--- Action item ---
Which lines below fall between the one containing "Portrait of senior" and the one containing "burgundy leather clutch bag"? Repeat them exactly, counting both of those lines, and add nothing else.

--- Data section ---

-- Opening Marker --

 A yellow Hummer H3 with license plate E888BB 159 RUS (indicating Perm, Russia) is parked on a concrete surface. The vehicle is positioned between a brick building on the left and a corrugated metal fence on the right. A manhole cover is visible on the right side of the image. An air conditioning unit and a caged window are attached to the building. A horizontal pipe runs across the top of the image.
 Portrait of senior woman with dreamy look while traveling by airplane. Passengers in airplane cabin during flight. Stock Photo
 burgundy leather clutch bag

-- Closing Marker --
-- Opening Marker --

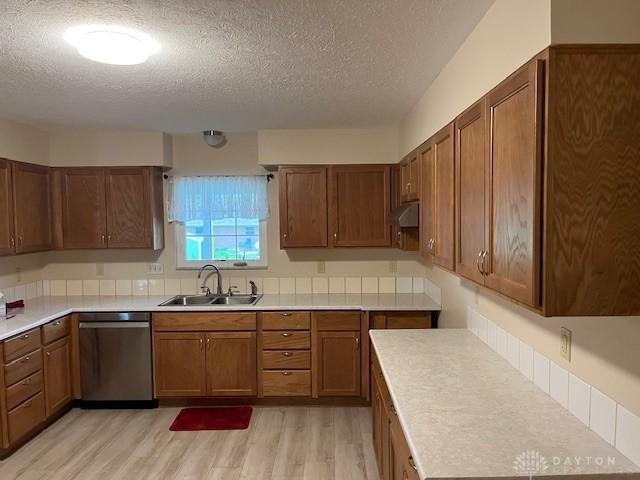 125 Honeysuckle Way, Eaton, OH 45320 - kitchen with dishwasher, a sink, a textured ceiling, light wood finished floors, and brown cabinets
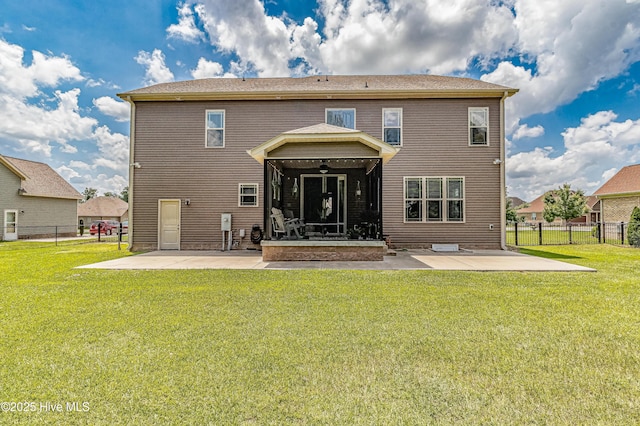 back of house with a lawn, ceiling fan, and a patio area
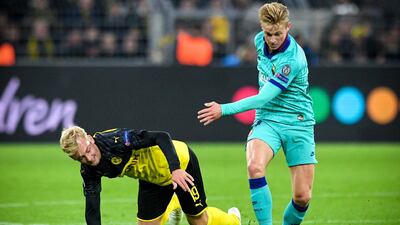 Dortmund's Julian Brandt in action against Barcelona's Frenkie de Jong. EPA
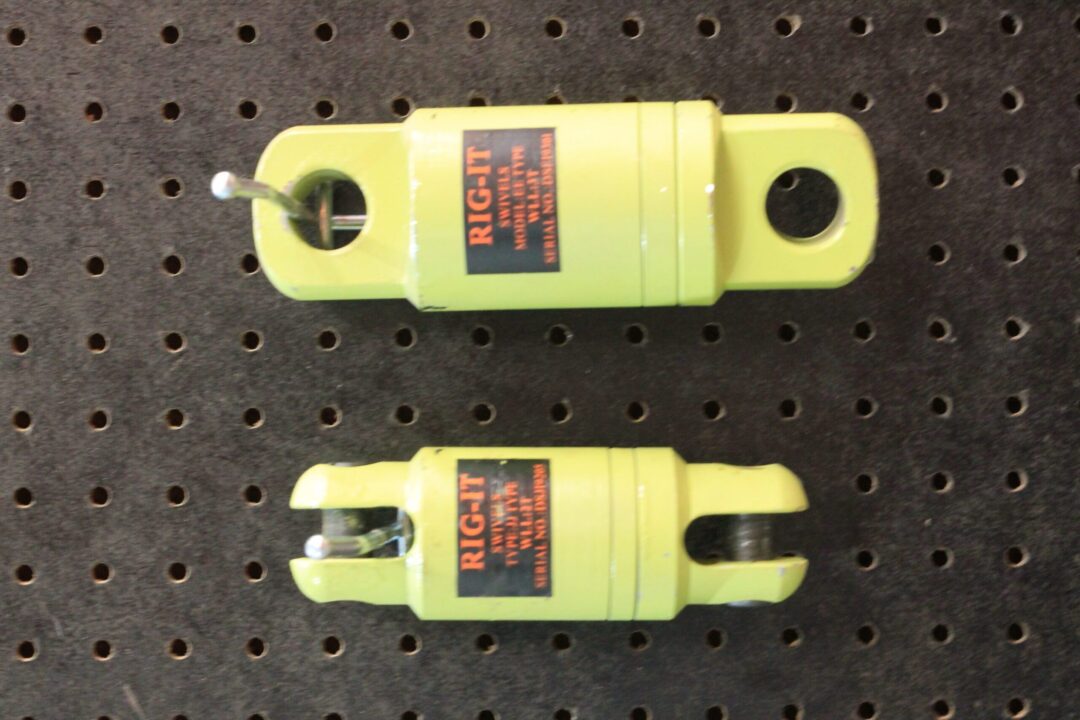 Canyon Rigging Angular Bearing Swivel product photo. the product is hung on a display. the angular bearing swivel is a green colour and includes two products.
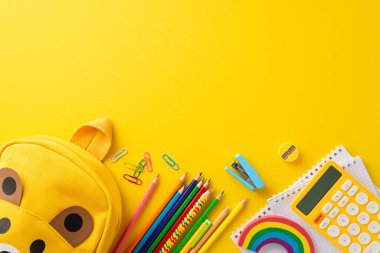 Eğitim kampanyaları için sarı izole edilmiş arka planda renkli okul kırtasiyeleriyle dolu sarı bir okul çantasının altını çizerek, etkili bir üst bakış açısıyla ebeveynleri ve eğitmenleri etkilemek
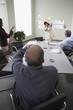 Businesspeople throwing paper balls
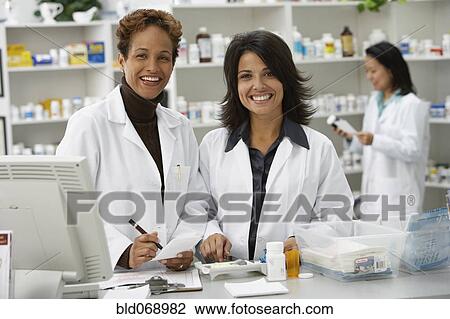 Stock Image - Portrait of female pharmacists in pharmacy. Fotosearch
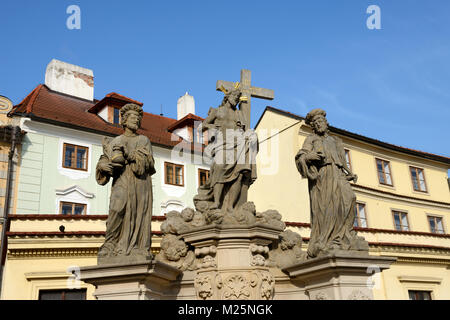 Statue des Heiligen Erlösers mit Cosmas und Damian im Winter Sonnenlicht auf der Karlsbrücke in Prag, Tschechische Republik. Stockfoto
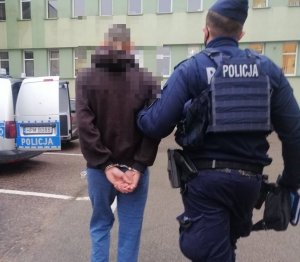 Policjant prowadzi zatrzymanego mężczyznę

-- Closing Marker --

--- Task solution ---
 Portrait of senior woman with dreamy look while traveling by airplane. Passengers in airplane cabin during flight. Stock Photo
 burgundy leather clutch bag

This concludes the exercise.